=== MATERIAL SHOWN ===

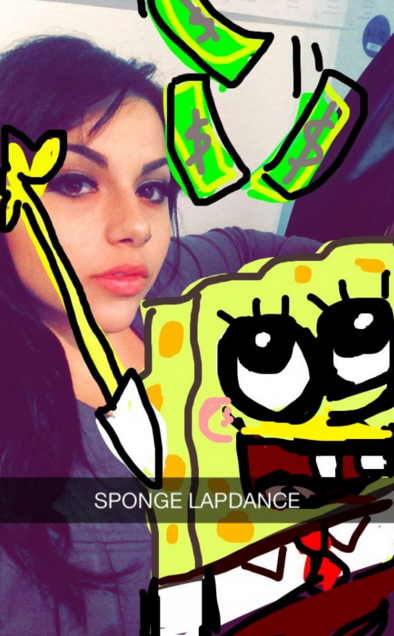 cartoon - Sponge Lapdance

===
=== MATERIAL SHOWN ===

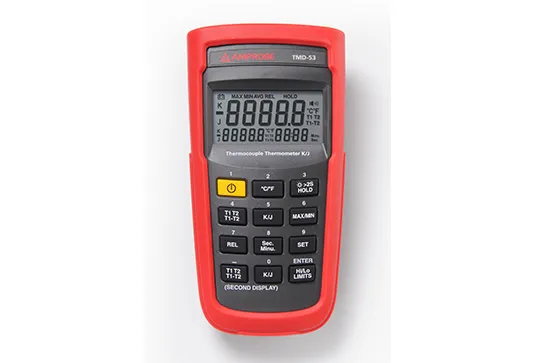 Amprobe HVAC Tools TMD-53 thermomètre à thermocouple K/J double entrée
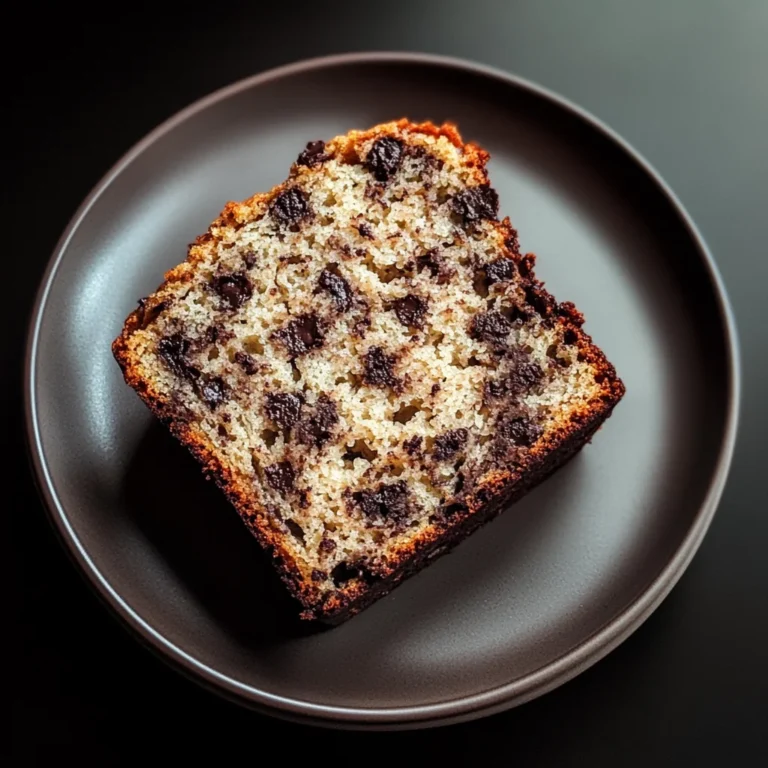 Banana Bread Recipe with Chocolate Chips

===
=== MATERIAL SHOWN ===

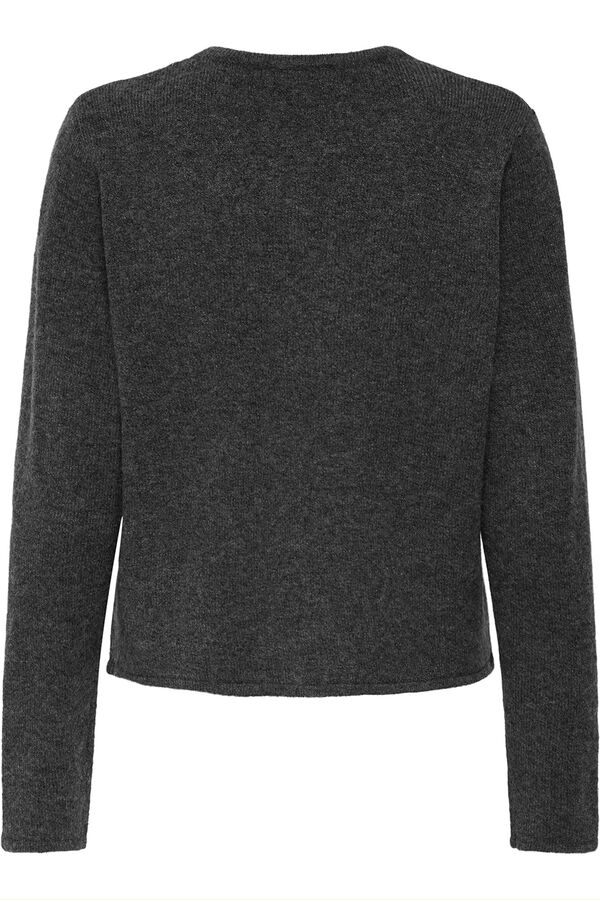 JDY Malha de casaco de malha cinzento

===

- THE TASK
In the listing above, find the line containing "Amprobe HVAC Tools" and the line containing "Banana Bread Recipe with Chocolate Chips", then write out both of them and every line between, exactly, with no pictures.

- RESULT BELOW
 Amprobe HVAC Tools TMD-53 thermomètre à thermocouple K/J double entrée
 Banana Bread Recipe with Chocolate Chips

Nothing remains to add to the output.